Finally, we can also use dictionaries to replace both single and multiple values in your DataFrame. This will be very helpful if you would like to replace multiple functions in one command.
We’re going to use dictionaries to replace every male’s gender with BOY and every female’s gender with GIRL.
names = pd.read_csv(’Popular_Baby_Names.csv’)
start_time = time.time()
names[’Gender’].replace({’MALE’:’BOY’, ‘FEMALE’:’GIRL’, ‘female’: ‘girl’}, inplace=True)
end_time = time.time()
dict_time = end_time - start_time
print(”Time using .replace() with dictionary: {} sec”.format(dict_time))
names = pd.read_csv(’Popular_Baby_Names.csv’)
start_time = time.time()
names[’Gender’].replace(’MALE’, ‘BOY’, inplace=True)
names[’Gender’].replace(’FEMALE’, ‘GIRL’, inplace=True)
names[’Gender’].replace(’female’, ‘girl’, inplace=True)
end_time = time.time()
list_time = end_time - start_time
print(”Time using multiple .replace(): {} sec”.format(list_time))
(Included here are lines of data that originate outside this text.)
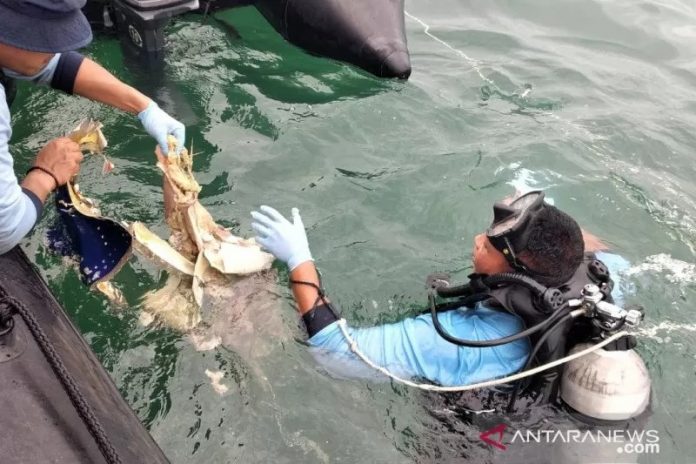 Tim penyelam dari Satuan Komando Pasukan Katak (Kopaska) TNI Angkatan Laut mengevakuasi serpihan pesawat yang ditemukan dalam pencarian pesawat Sriwijaya PK-CLC SJ182, yang jatuh di perairan Kepulauan Seribu, Minggu (10/1/2021). (ANTARA/Fauzi Lamboka)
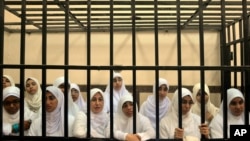 Egyptian women supporters of ousted President Mohamed Morsi stand inside the defendants' cage in a courtroom in Alexandria, Egypt, Nov. 27, 2013.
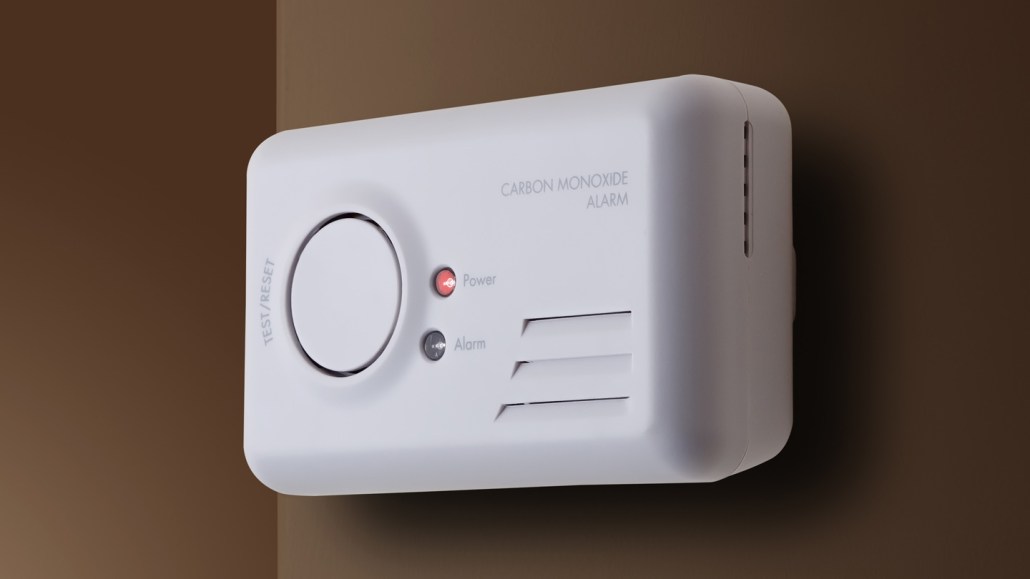 A white carbon monoxide monitor is shown mounted on a dark brown wall. The alarm has a large white button to "test/reset" on the left. To the right of the button are two round indicators for "power" and "alarm"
print(’The differnce: {} %’.format((list_time- dict_time )/dict_time*100))
We could do the same thing with lists, but it’s more verbose. If we compare both methods, we can see that dictionaries run approximately 22% faster. In general, working with dictionaries in Python is very efficient compared to lists: looking through a list requires a pass through every element of the list, while looking at a dictionary directs instantly to the key that matches the entry.
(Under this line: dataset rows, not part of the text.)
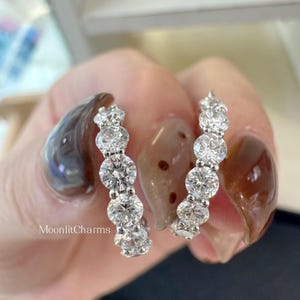 May include: A pair of silver-toned hoop earrings featuring a row of five round, clear, faceted stones set in each piece. The text MoonlitCharms is printed in white on the left side of the image. The earrings have a polished metallic finish.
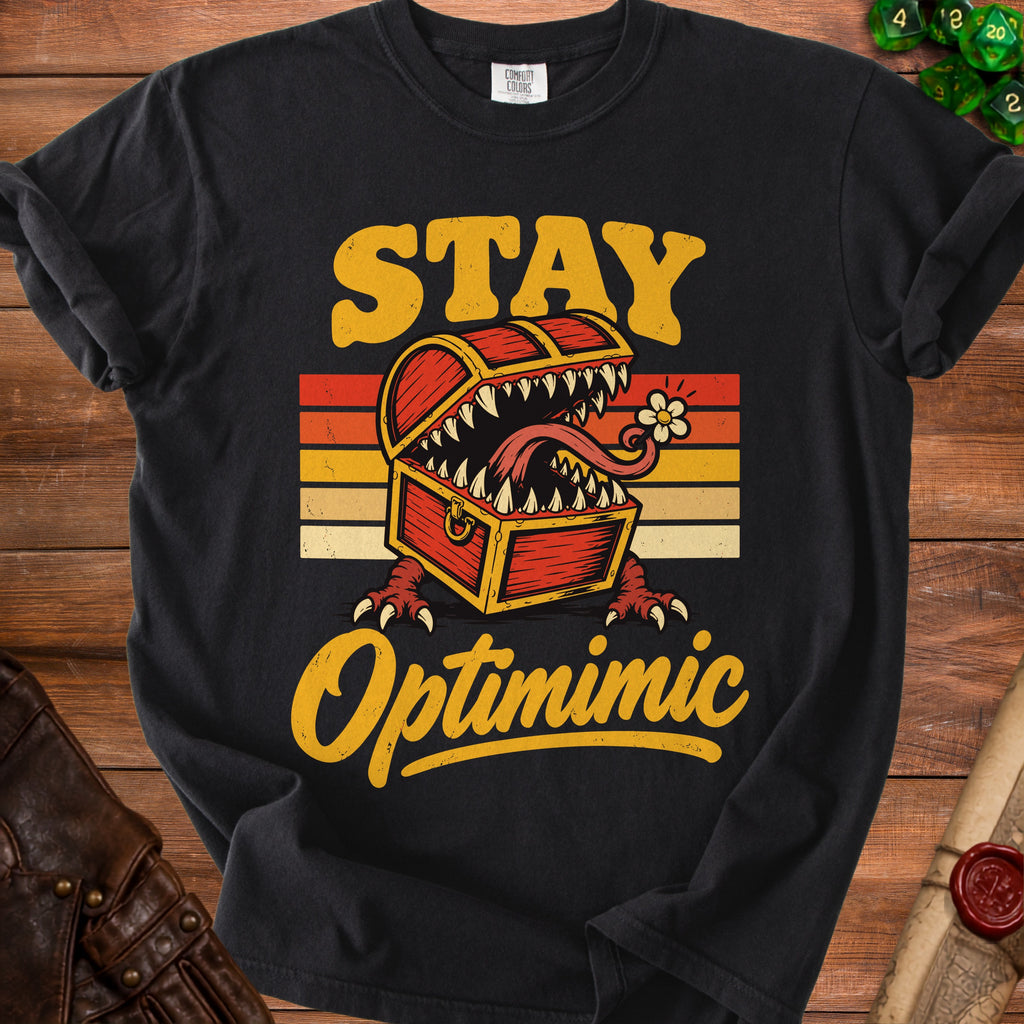 Black t-shirt with "STAY Optimimic" text and a monster chest graphic.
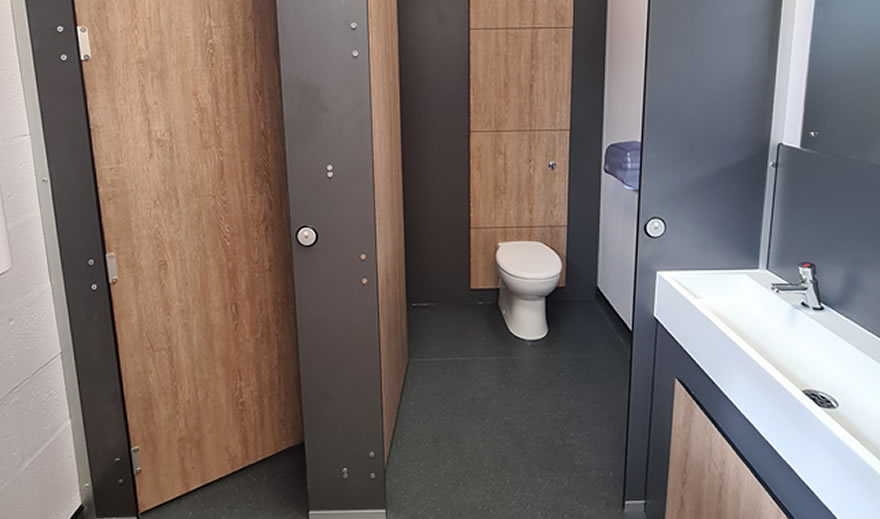 Commercial toilets installed by Skobex Washrooms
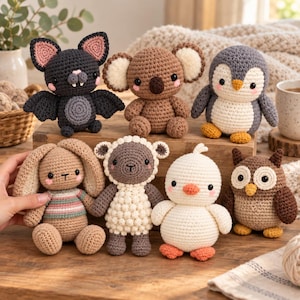 Può includere: Una collezione di sei animali di peluche all'uncinetto che include un pipistrello grigio scuro, un koala marrone, un pinguino grigio e bianco, un coniglio beige con un maglione a righe, una pecora bianca e marrone, un pulcino bianco e un gufo.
The comparison is a little unfair, though, since both structures serve different purposes.
Using dictionaries allows you to replace the same values in several different columns. In all the previous examples, we specified the column from which the values to replace came.
We’re now going to replace several values from the same column with one common value. We want to classify all ethnicities into three big categories: Black, Asian, and White.
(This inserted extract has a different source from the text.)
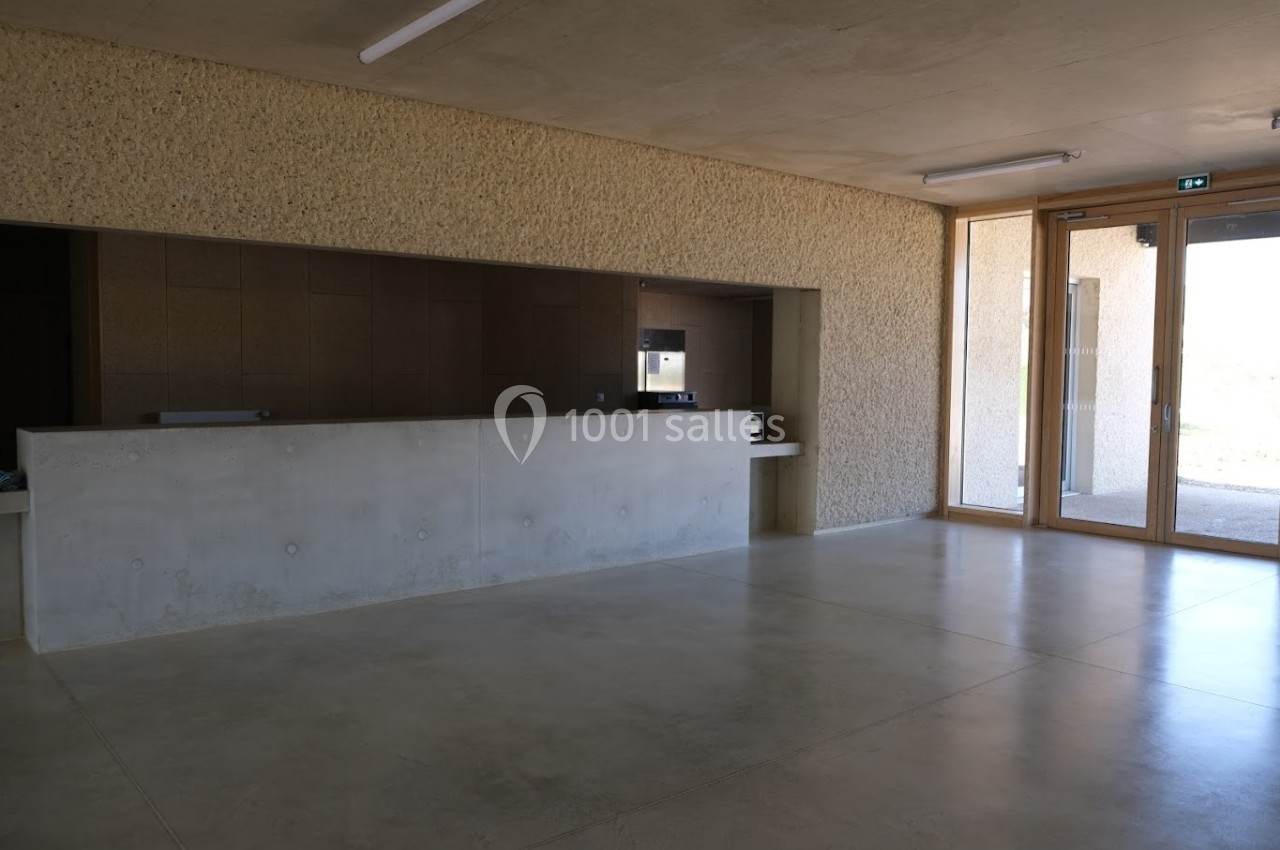 Un comptoir en béton dans un espace intérieur minimaliste avec sol en béton, murs texturés et grande porte vitrée.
The syntax again is very simple. We use nested dictionaries here: the outer key is the column in which we want to replace values. The value of this outer key is another dictionary, where the keys are the ethnicities to replace, and the values for the new ethnicity (Black, Asian, or White).
start_time = time.time()
names.replace({’Ethnicity’: {’ASIAN AND PACI’: ‘ASIAN’, ‘ASIAN AND PACIFIC ISLANDER’: ‘ASIAN’,‘BLACK NON HISPANIC’: ‘BLACK’, ‘BLACK NON HISP’: ‘BLACK’,‘WHITE NON HISPANIC’: ‘WHITE’, ‘WHITE NON HISP’: ‘WHITE’}})
print(”Time using .replace() with dictionary: {} sec”.format (time.time() - start_time))
2.3. Summary of best practices for selecting and replacing values
Selecting rows and columns is faster using the .iloc[] function. So it is better to use unless it is easier or more convenient to use .loc[], and the speed is not a priority, or you are just doing it once.
Using the built-in replace() function is much faster than just using conventional methods.
Replacing multiple values using Python dictionaries is faster than using lists.
3. Iterate Effectively Through Pandas DataFrame
As a data scientist, you will need to iterate through your dataframe extensively, especially in the data preparation and exploration phase, so it is important to be able to do this efficiently, as it will save you much time and give space for more important work.
We will walk through three methods to make your loops much faster and more efficient:
Looping using the .iterrows() function
Looping using the .apply() function
Vectorization
3.1. Looping effectively using .iterrows()
Before we talk about how to use the .iterrows() function to improve the looping process, let’s refresh the notion of a generator function.
Generators are a simple tool to create iterators. Inside the body of a generator, instead of return statements, you will find only yield() statements. There can be just one or several yield() statements. Here, we can see a generator, city_name_generator(), that produces four city names. We assign the generator to the variable city_names for simplicity.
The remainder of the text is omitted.